Deux éléments confirment que Hegel n’est pas qu’un tic verbal pour Marx.
Premièrement dans sa postface à la seconde édition allemande (1873) Marx explique que sa méthode, qui a été mal comprise est la méthode dialectique, empruntée à Hegel puis remise sur ses pieds alors que Hegel la faisait tenir sur la tête. Cette référence à Hegel est constante chez Marx et Engels.
Deuxièmement « apparait comme », « serait » ne sont pas les seuls termes hégéliens qui foisonnent dans Le Capital.

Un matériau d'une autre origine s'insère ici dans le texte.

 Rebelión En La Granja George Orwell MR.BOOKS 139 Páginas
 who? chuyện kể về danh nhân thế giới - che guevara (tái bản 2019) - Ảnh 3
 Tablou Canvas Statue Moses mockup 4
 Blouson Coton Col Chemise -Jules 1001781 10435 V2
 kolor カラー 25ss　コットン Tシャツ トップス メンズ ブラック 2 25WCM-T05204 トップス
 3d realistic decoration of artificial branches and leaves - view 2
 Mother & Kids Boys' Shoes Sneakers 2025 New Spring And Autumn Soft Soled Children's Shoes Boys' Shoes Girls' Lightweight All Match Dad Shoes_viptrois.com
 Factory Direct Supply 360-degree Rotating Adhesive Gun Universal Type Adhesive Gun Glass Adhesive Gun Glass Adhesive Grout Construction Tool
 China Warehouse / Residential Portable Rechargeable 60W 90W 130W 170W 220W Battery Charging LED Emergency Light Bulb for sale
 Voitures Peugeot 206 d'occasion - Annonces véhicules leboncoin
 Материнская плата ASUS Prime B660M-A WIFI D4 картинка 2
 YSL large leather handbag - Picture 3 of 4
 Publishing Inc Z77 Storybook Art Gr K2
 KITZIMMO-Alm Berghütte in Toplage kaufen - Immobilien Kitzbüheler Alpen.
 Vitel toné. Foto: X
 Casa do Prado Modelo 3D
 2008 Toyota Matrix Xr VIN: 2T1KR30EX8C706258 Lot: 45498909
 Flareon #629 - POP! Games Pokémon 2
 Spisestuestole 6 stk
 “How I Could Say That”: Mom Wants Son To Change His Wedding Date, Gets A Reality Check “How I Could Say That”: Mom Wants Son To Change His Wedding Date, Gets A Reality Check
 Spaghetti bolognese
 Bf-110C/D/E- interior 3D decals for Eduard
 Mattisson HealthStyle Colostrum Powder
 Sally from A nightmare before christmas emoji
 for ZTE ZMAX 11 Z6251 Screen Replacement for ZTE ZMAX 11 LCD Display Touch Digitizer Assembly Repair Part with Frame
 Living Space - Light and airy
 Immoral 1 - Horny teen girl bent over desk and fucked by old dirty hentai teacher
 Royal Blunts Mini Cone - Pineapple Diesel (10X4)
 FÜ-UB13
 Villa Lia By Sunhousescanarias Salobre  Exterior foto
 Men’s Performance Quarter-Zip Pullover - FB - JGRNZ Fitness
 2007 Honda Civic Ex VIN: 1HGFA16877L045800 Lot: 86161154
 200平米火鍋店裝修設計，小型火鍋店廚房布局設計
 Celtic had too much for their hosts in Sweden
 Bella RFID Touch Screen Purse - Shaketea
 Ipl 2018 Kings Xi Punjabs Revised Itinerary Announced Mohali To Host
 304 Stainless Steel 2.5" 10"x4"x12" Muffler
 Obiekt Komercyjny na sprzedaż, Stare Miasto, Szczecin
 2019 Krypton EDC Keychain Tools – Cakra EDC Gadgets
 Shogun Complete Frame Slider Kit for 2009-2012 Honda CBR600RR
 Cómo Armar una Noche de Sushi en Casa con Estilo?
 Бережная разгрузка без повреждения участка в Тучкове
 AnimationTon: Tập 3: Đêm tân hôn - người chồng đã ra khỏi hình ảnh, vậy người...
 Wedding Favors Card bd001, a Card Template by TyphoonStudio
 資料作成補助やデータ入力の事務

Mais le traducteur a beau jeu de parler de tics verbaux de Marx car les termes philosophiques « phénomène », « forme », « concept » ne font plus partie du bagage commun de la culture générale ou militante. Pourtant il suffit de se replonger dans la littérature de l’époque pour comprendre que ces termes sont ceux de la philosophie allemande classique, héritière d’Aristote, familière à tout les esprits cultivés du XIXème siècle. Les termes de « phénomène » et de « forme » sont introduits dès les première lignes de la Critique de la Raison pure de Kant (1781) :
L’objet indéterminé d’une intuition empirique s’appelle phénomène (...) ce qui fait que le divers qu’il y a en lui est ordonné suivant certains rapports, je le nomme la forme du phénomène
Ce vocabulaire Kantien sera utilisé par l’économiste Jean Baptiste Say qui dès les premières lignes de son Cours à l’Athénée (1819), à l’instar Marx dans la première phrase de son Capital, explique le fait que la science part de l’observation des phénomènes, mais que l’observation des phénomènes ne fait pas la science :
Un jardinier, un simple paysan, a vu autant de phénomènes de physique végétale que le plus savant botaniste ; mais celui-ci a groupé les phénomènes ; il en a suivi la marche et l’enchaînement et lui seul est en état de nous apprendre quelles sont les lois que suit la nature dans la fécondation, la nutrition des plantes, etc. Le moindre berger a vu autant de levers et de couchers de planètes que le plus fameux astronome, et même il, peut empiriquement prédire leur retour avec une tolérable exactitude, mais l’astronome observe l’analogie qui existe entre la marche de l’une et de l’autre planète, il en déduit une loi commune ; lui seul connait la vraie nature des choses par rapport à la marche des corps célestes
Rappelons que Say vulgarisa la doctrine d’Adam Smith en France, et fut un adversaire de Marx.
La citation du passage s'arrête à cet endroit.